Follow the month-long series on the zero-waste experience by students Katy Barnard and Yes de Jong. The two dived deeper into their research in light of their project for waste management and during April, they share their finds on this five-part blog series.

While at home routines have settled, Katy and Yes face a harder challenge: keep up with their zero-waste experiment while travelling abroad. This is week three.

Katy: I see waste everywhere I go.

I was very optimistic this week. I was on my way to Scotland to meet a friend and knew that wasteless traveling was going to be difficult. I remembered to pack in a few empty produce and grocery bags in addition to my trusty thermos and water bottle. But my starry-eyed hopes and dreams were immediately crushed once I arrived at the airport and went to get a tea before the flight. I asked for the hot water in my thermos and was then guided over to their selection of teas. There were only tea bags. The exact definition of a tea bag is: use me once and then throw me away. For a moment I debated drinking just hot water, but then I caved. This was just the beginning of a week of cheating.

I felt physical pain when I found a large potato chip bag filled with six individually packaged bags

Being zero waste becomes increasingly difficult when you are away from your familiar home. I bet there are some great bulk stores in Edinburgh, but finding them was not at the top of my list of things to do as a tourist. There was one small grocery store near where we were staying and, to be honest, it was the most plastic-filled grocery store I had ever seen. I think there were a total of two products sold unpackaged: bell peppers and apples. We bought them both. I felt physical pain when I found a large potato chip bag filled with six individually packaged bags!! Why not just sell one big bag full of chips? Or the small bags alone? I was infuriated by the wastefulness.

This week made me realize how observant and aware I had become of waste. I see it in everything. Not just the obvious things like plastic grocery bags, water bottles and coffee cups, but in the smaller items like produce stickers, twist ties, freshness seals and floss. I felt both prideful and paralized by this. After just three weeks, this experience has changed the way I view the world around me.

Yes: Needless to say, I had no successful 'wasteless' days here.

This past week, I travelled to Morocco. That challenged my zero waste lifestyle to the absolute fullest. This country does not support drinking tap water and restaurants hardly serve any drinks in glass - it’s all served in plastic bottles. Thankfully, I found a lot of napkins made out of fabric, which was a nice surprise to me.

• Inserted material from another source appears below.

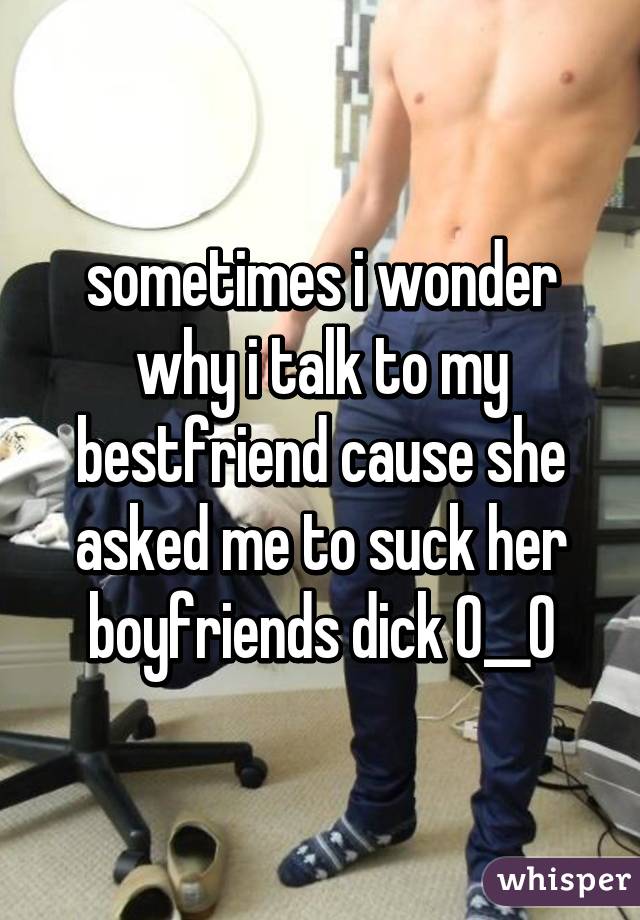 sometimes i wonder why i talk to my bestfriend cause she asked me to suck her boyfriends dick O__O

Morocco showed me another relation to waste. All in all, it was a humbling experience. According to religious beliefs of Islamic culture, food should never be thrown away but given back to the earth, which makes street litter only worse and worse. There were people cleaning the streets day and night. However, I never saw any trash cans in the streets, apart from the big ones restaurants use.

People in Morocco simply can’t afford to waste whatever they can get.

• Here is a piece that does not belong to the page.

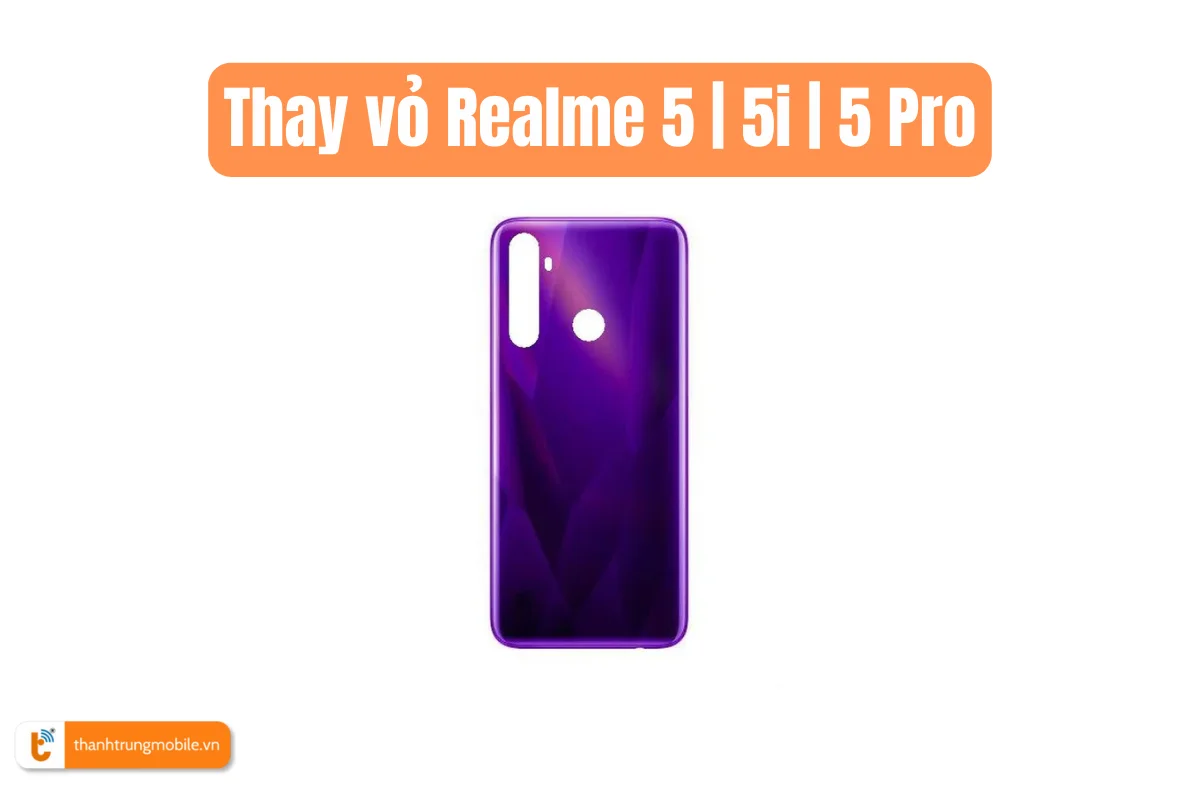 Thay vỏ Realme 5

Hiking up in the mountains of the Atlas, small hiking paths were littered with plastic bottles and packaging everywhere I looked.

But on the other hand, I witnessed a variety of great examples such as shops that sold second-hand bikes, motors and tools; And a lot of machines are repaired on the spot. Perhaps due to their humble economic condition, people in Morocco simply can’t afford to waste whatever they can get.

On the plane back, I started fantasizing about my future meal. Back home, I had ordered ingredients to make beeswax wraps as all wraps I had seen in the store had super feminine designs with pink flowers and cute animals. Before leaving, I had been in a rage because the package that contained the beeswax was three times bigger than it needed to be and filled with plastic rubbish. However, I had enough to make at least 20, so I won’t be using any plastic cling foil soon.



Note: For this experience, Yes and Katy have set out strict ground-rules: use of own reusable containers as much as possible; no plastic packaging at all (if you have to, must reuse twice); glass is allowed and preferred; cans are allowed if glass is not available; paper packaging is tolerated but preferably not. The no-waste month took place pre-quarantine times, in February.